# Troubleshooting an RO system!



## vinpadalino (Aug 27, 2010)

System is under kitchen sink. I replaced 5 filters all together on the system. Cold in, drain line, expansion tank, and filtered water out. I had 1 filter in backwards so I had no water at tap. Changed that. Water coming out of faucet now, comes out a steady stream then gets weaker and weaker to a small drip. Expansion tank holding air at 12psi. When I first got there took tank outside,it was full of water opened valve on tank and water shot across front yard. Took tank and filters to supply house. I wanted a new tank supply house talked me out of it because it was holding pressure. I still think the tank should be replaced. Supply House told me you shouldn't get a lot of water out of tap, that's how that system works. Any thoughts guys?


----------



## ILPlumber (Jun 17, 2008)

Wait.....

They take a long time to make RO water. You on got a little because you only waited a little while.

It's prolly full after leaving it overnight.

Undersink ones only rely on city pressure to push through those membranes into the holding tank. This takes time.


----------



## gitnerdun (Nov 5, 2008)

I have always set the tank to 7 psi. It will hold more water that way.


----------



## vinpadalino (Aug 27, 2010)

Good to know guys! That's helpful info.
First day at job before I changed the filters it was running 100 times better. But like you said have to wait. I'll drop pressure down to 7psi.


----------



## U666A (Dec 11, 2010)

RO is also quite wasteful to produce. So factor in that all of the water that comes from the supply will not all end up coming out of the tap, and what you do get has to be pushed through a 5 micron filter. Very slow process with a small under counter city pressure operated unit.

Sent from my iPhone using PlumbingZone


----------



## rocksteady (Oct 8, 2008)

12 psi is too much for the bladder, lower it to 6-7 psi and you'll gave enough pressure and a bit more volume. R.O. units do make water very slowly but pushing water though a 5 micron filter isn't the problem, it's the .0005 micron holes in the membrane. Figure for every gallon that enters the storage tank 2-3 go down the drain. If everything is set up right and working you should get a steady fast drip from the faucet with the storage tank turned off. That is about how quickly a good membrane can produce clean water.







Paul


----------



## vinpadalino (Aug 27, 2010)

Called HO to check up. They said everything is working fine. I'm going back on Tuesday for Kitchen faucet, I'll take that bladder down to 6-7psi.


----------



## Plumber patt (Jan 26, 2011)

vinpadalino said:


> Called HO to check up. They said everything is working fine. I'm going back on Tuesday for Kitchen faucet, I'll take that bladder down to 6-7psi.

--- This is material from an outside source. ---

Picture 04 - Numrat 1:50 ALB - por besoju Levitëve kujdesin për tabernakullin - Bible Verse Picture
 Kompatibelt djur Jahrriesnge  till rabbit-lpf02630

6-7 psi when the tank is empty, 35 psi when it's full


----------



## Ruudplumber (Feb 21, 2011)

one minute of running the r.o. should produce 16 oz of waste water and 4 oz of filtered water...


----------



## DUNBAR PLUMBING (Sep 11, 2008)

I did not know there was a setting of pressure for the captive pressure tank. 

Figured it was preset to follow the design of the RO specs, conditional to the mfg. 

Of course, TXT is different by the way it is gauged against pressure in the building.


----------



## plumb4fun (Feb 18, 2009)

Those R.O. tanks are just like a well pressure tank only smaller. Air adjustable the same way.


----------